• WHAT THE EXERCISE ASKS: Your task is to transcribe the data exactly while omitting each picture.

• EXERCISE INPUT:
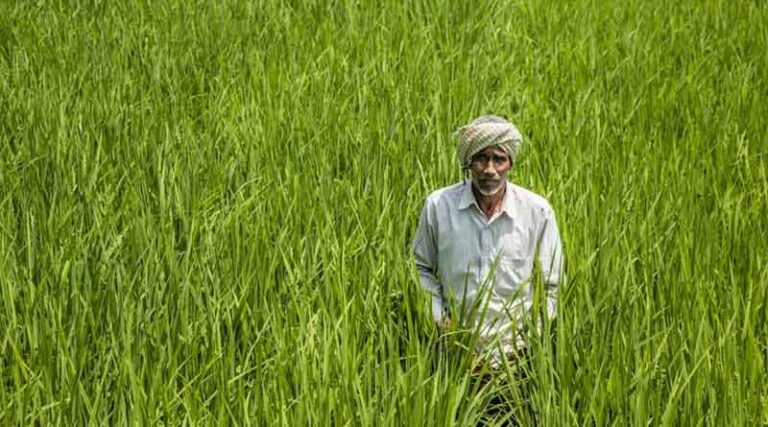 India Poised for Record Growth in Pulse Production by 2034: OECD-FAO Outlook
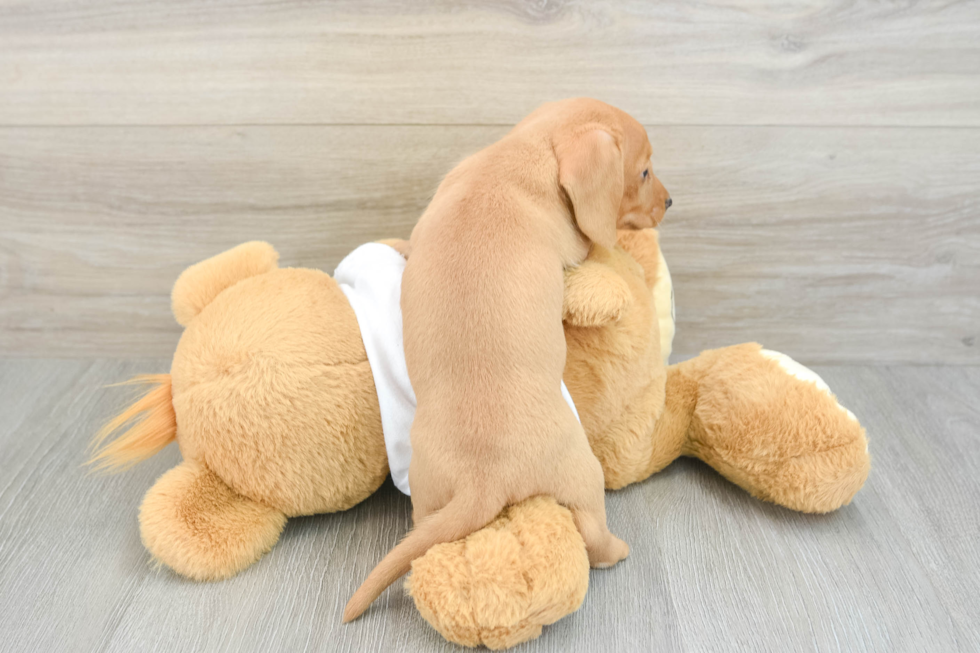 Cute Dachshund Baby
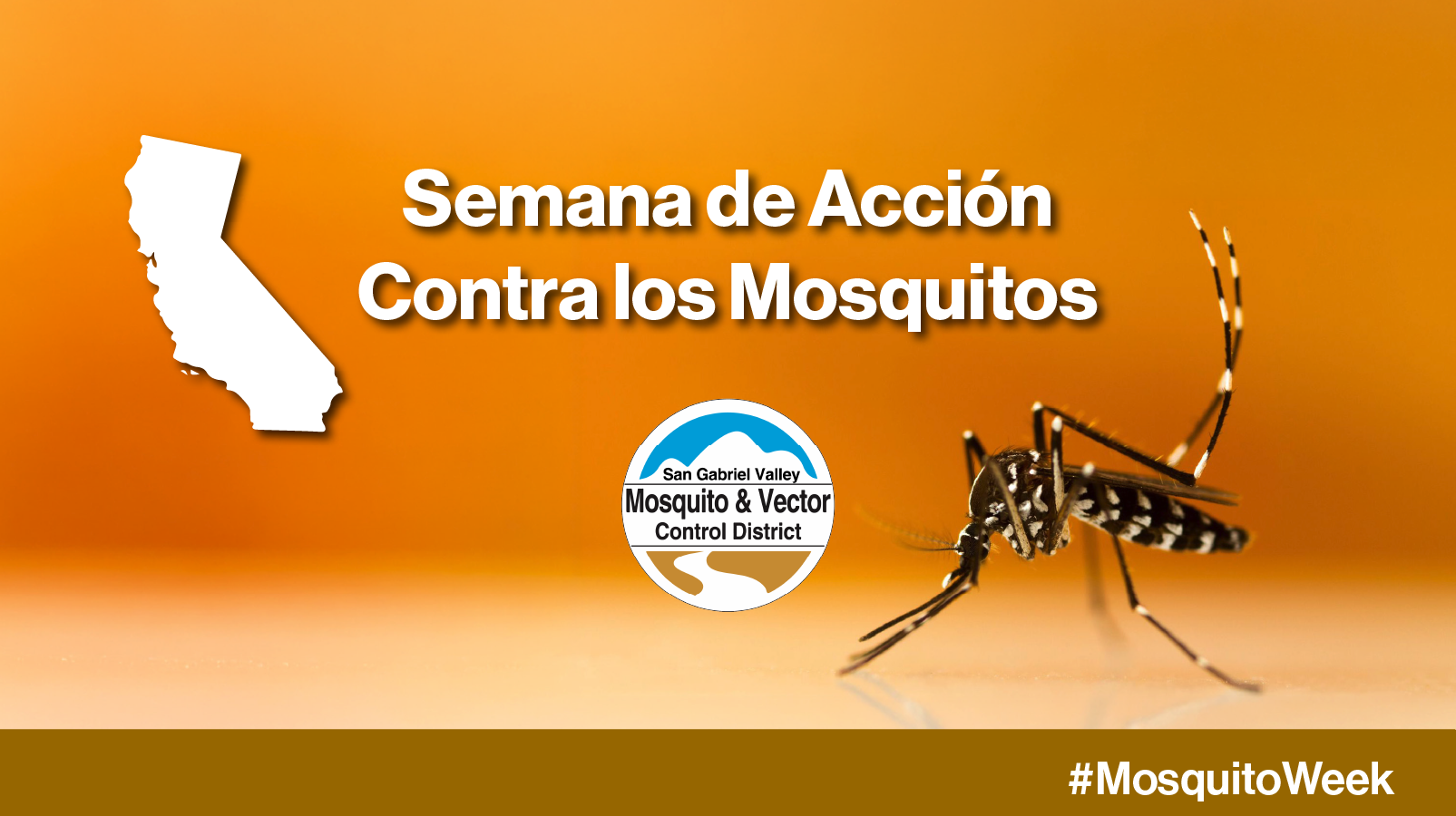 The image promotes "Mosquito Action Week" in California, featuring a mosquito and information from the San Gabriel Valley control district.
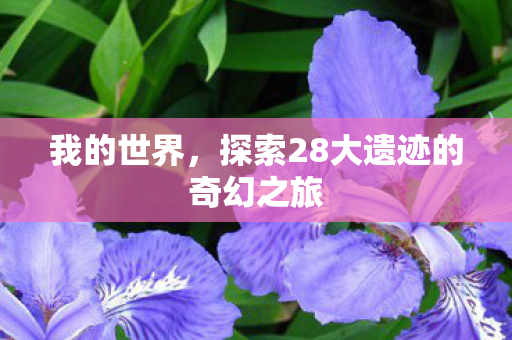 探索28大遗迹的奇幻之旅图片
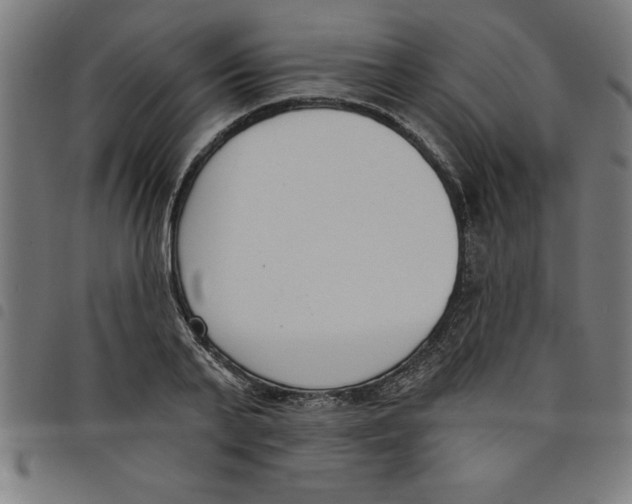 X0000098050791200804251103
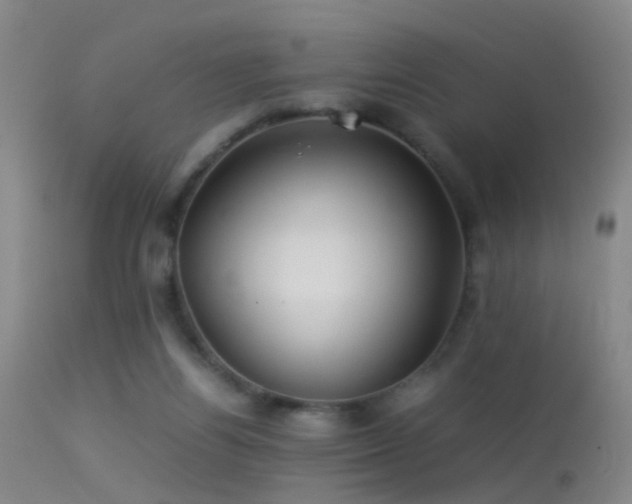 X0000113330164200909141435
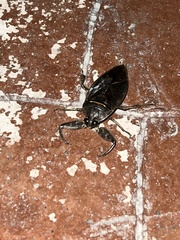 Lethocerus medius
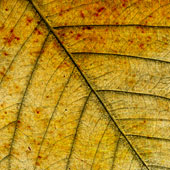 Photoshop\'s Linear Burn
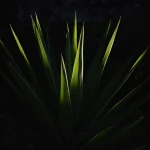 Feuilles illuminées par la lumière dans l'obscurité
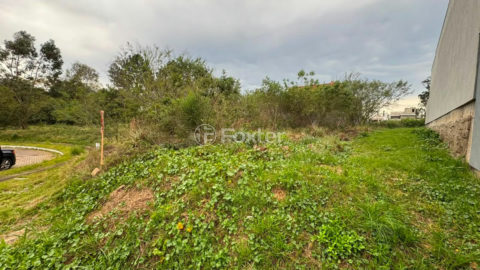 Image 0 - 1019944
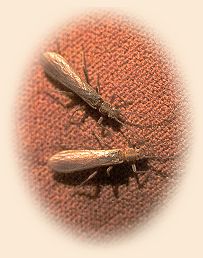 stonefly hatch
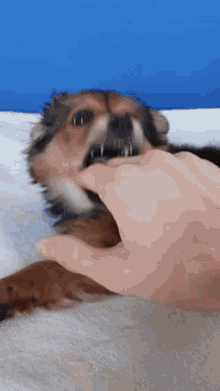 Dog Mouth Dog GIF - Dog Mouth Dog Mouth GIFs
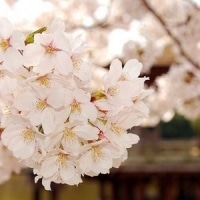 淡雅花朵唯美微信头像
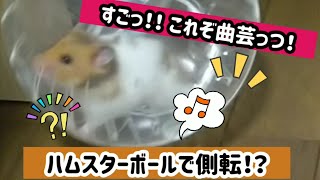 ハムスターボールで行ったりきたり② 【ハムスターボール】【ハムスター散歩】【ハムスターおもちゃ】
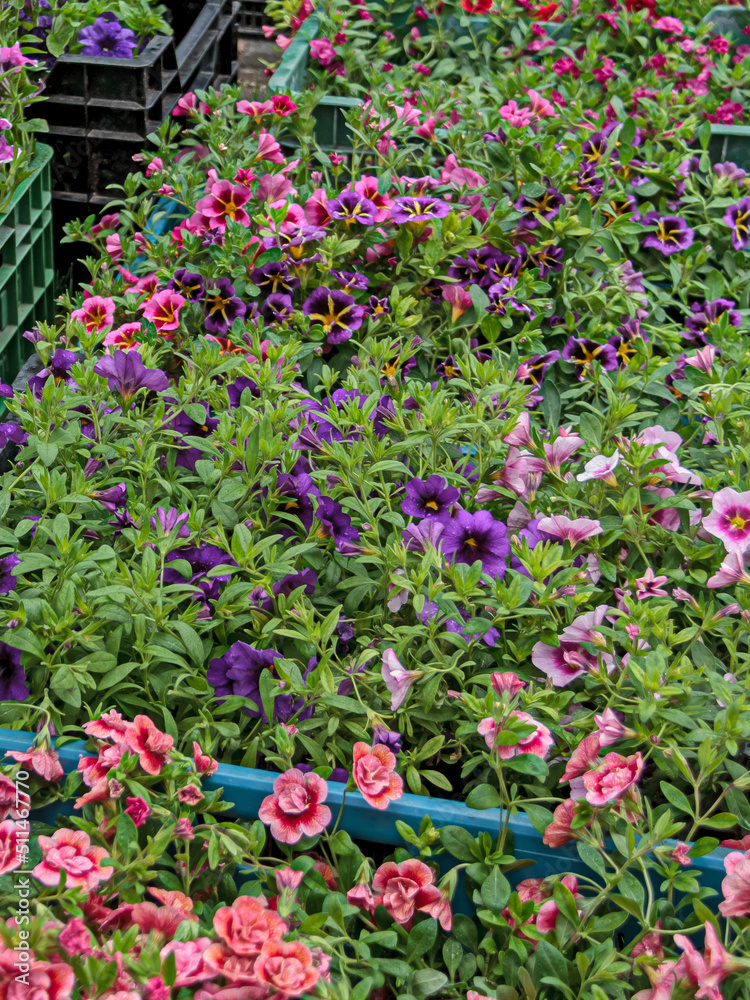 Flowers growing in plastic pots for sale in greenhouse.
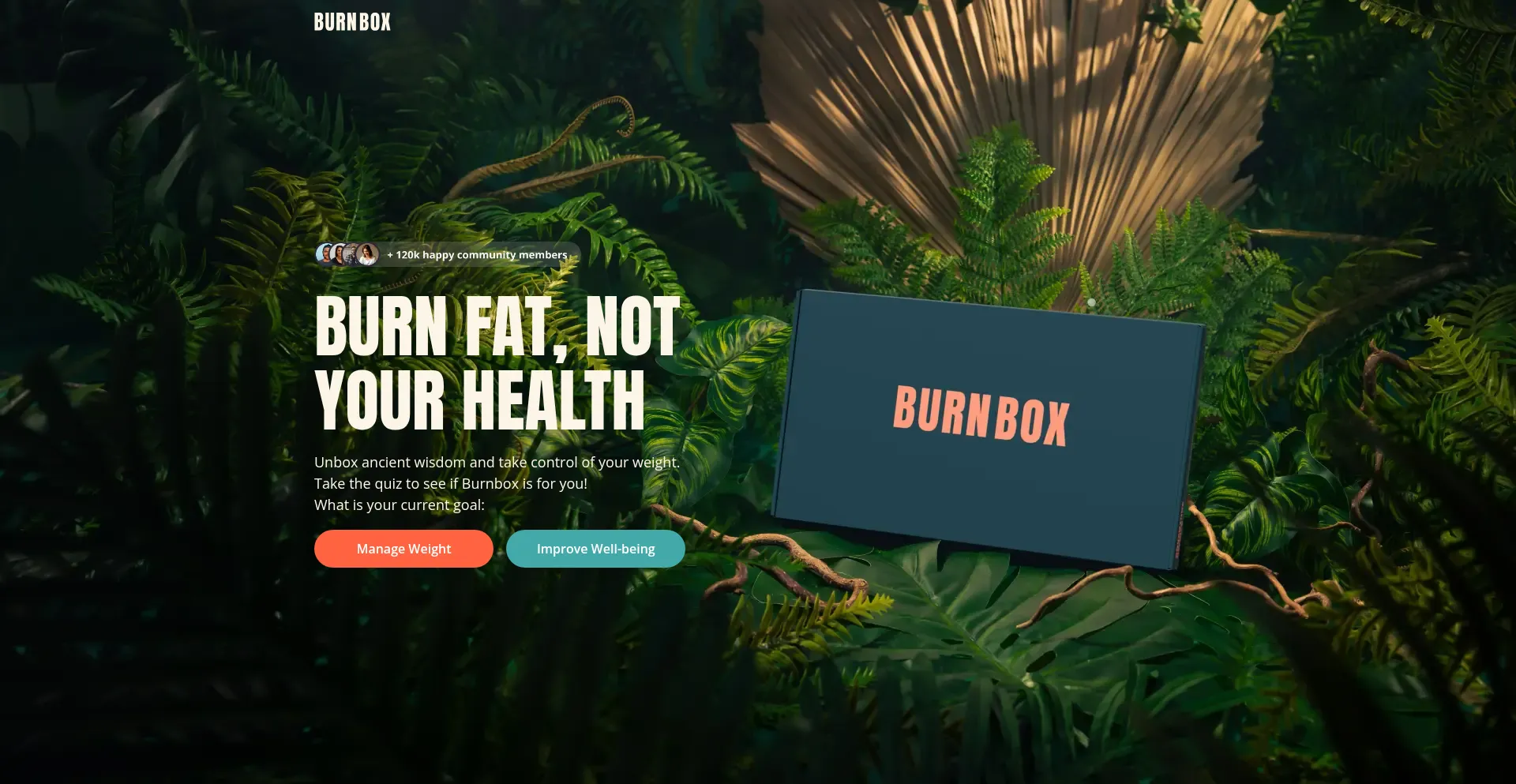 Burnbox.health Screenshot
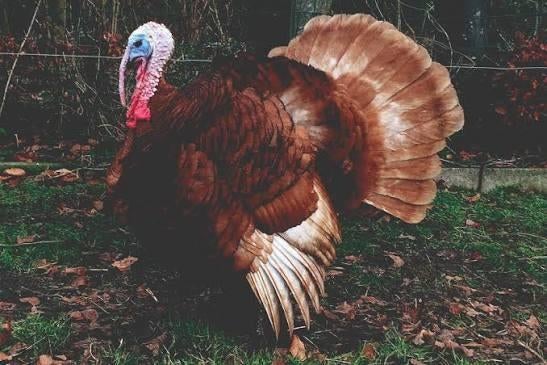Broed eieren van rode ardenner kalkoen, Dieren en Toebehoren, Pluimvee, Meerdere dieren, Kalkoen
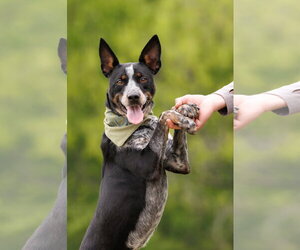 Mutt Dogs for adoption in McKinney, TX, USA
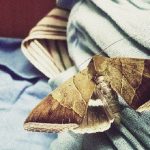 Moth Prevention Tips for a Pest-Free Home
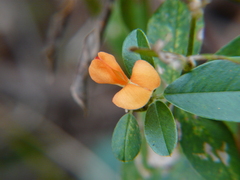 Tephrosia tinctoria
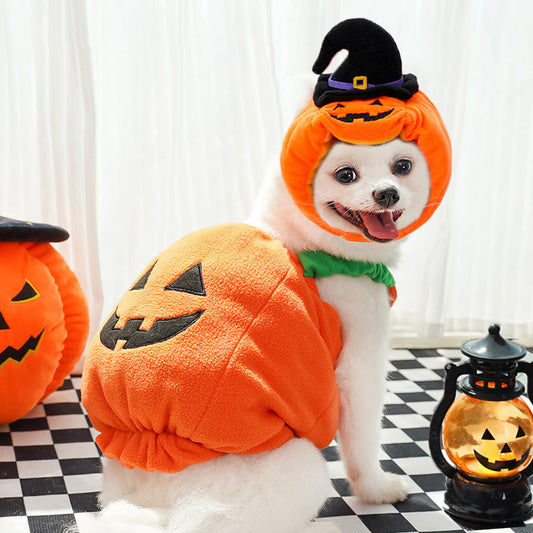 KFX-9994301 Festive Pumpkin Vest for Pets - Comfortable Cat and Dog Costume Harness for Halloween and Thanksgiving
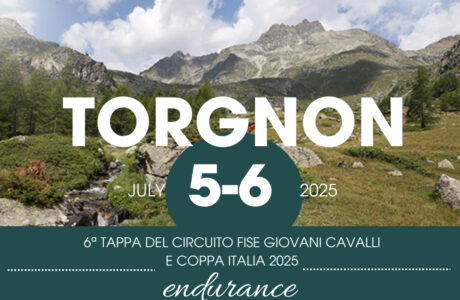 Torgnon: l'endurance sale di quota a luglio 1 Endurance a Torgnon locandina
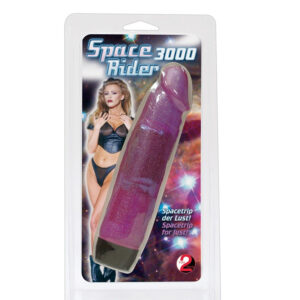 Alternative view of Space Rider 3000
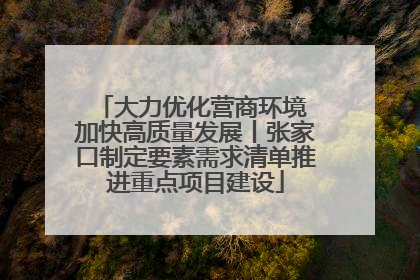 大力优化营商环境 加快高质量发展丨张家口制定要素需求清单推进重点项目建设
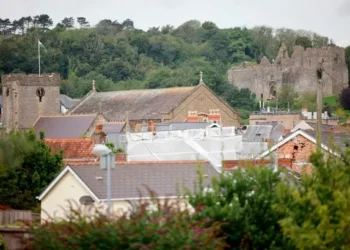 The unsolved village murder of the mysterious Madame X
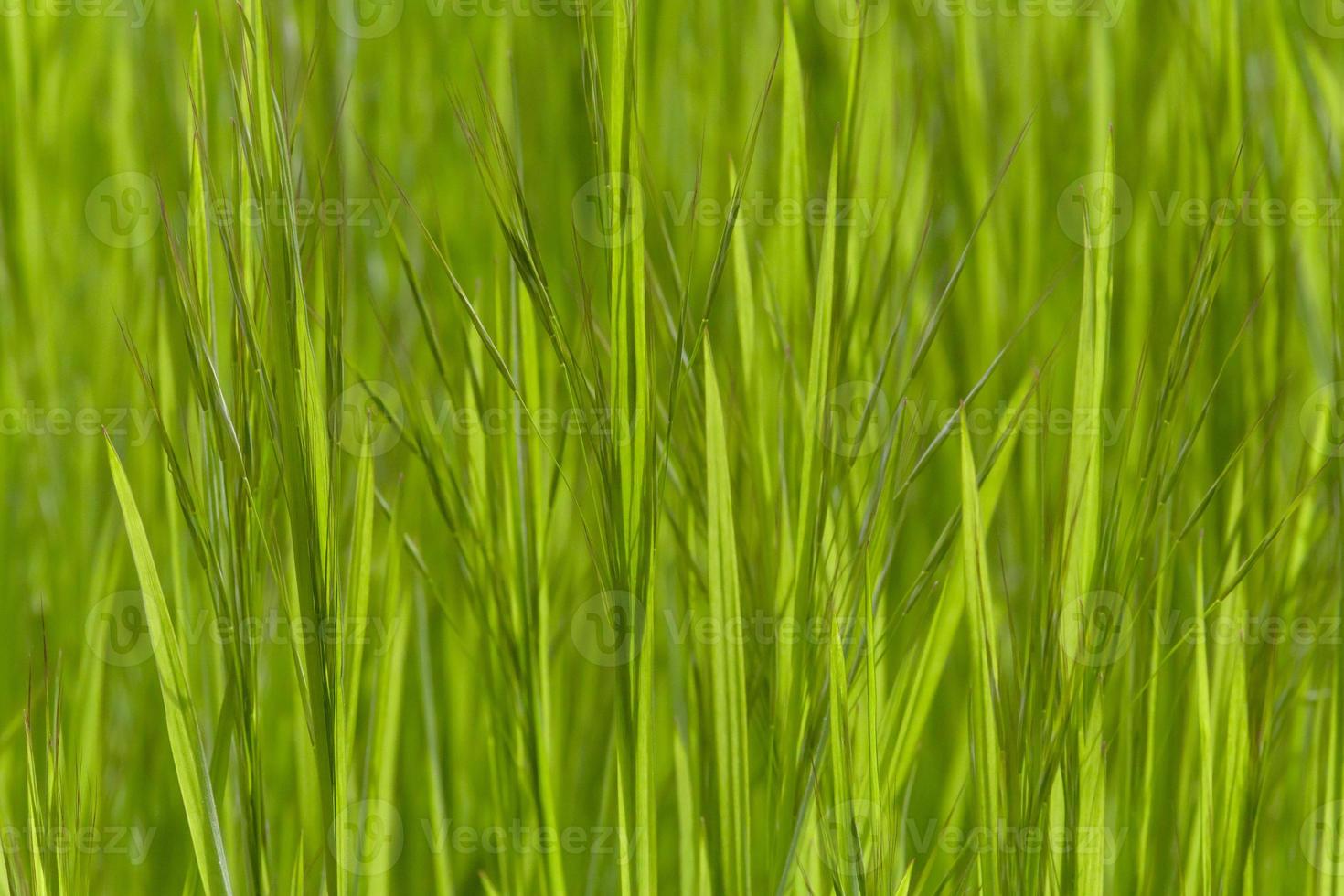 vicino su di verde erba foto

• ANSWER TO THE EXERCISE:
 India Poised for Record Growth in Pulse Production by 2034: OECD-FAO Outlook
 Cute Dachshund Baby
 The image promotes "Mosquito Action Week" in California, featuring a mosquito and information from the San Gabriel Valley control district.
 探索28大遗迹的奇幻之旅图片
 X0000098050791200804251103
 X0000113330164200909141435
 Lethocerus medius
 Photoshop\'s Linear Burn
 Feuilles illuminées par la lumière dans l'obscurité
 Image 0 - 1019944
 stonefly hatch
 Dog Mouth Dog GIF - Dog Mouth Dog Mouth GIFs
 淡雅花朵唯美微信头像
 ハムスターボールで行ったりきたり② 【ハムスターボール】【ハムスター散歩】【ハムスターおもちゃ】
 Flowers growing in plastic pots for sale in greenhouse.
 Burnbox.health Screenshot
Broed eieren van rode ardenner kalkoen, Dieren en Toebehoren, Pluimvee, Meerdere dieren, Kalkoen
 Mutt Dogs for adoption in McKinney, TX, USA
 Moth Prevention Tips for a Pest-Free Home
 Tephrosia tinctoria
 KFX-9994301 Festive Pumpkin Vest for Pets - Comfortable Cat and Dog Costume Harness for Halloween and Thanksgiving
 Torgnon: l'endurance sale di quota a luglio 1 Endurance a Torgnon locandina
 Alternative view of Space Rider 3000
 大力优化营商环境 加快高质量发展丨张家口制定要素需求清单推进重点项目建设
 The unsolved village murder of the mysterious Madame X
 vicino su di verde erba foto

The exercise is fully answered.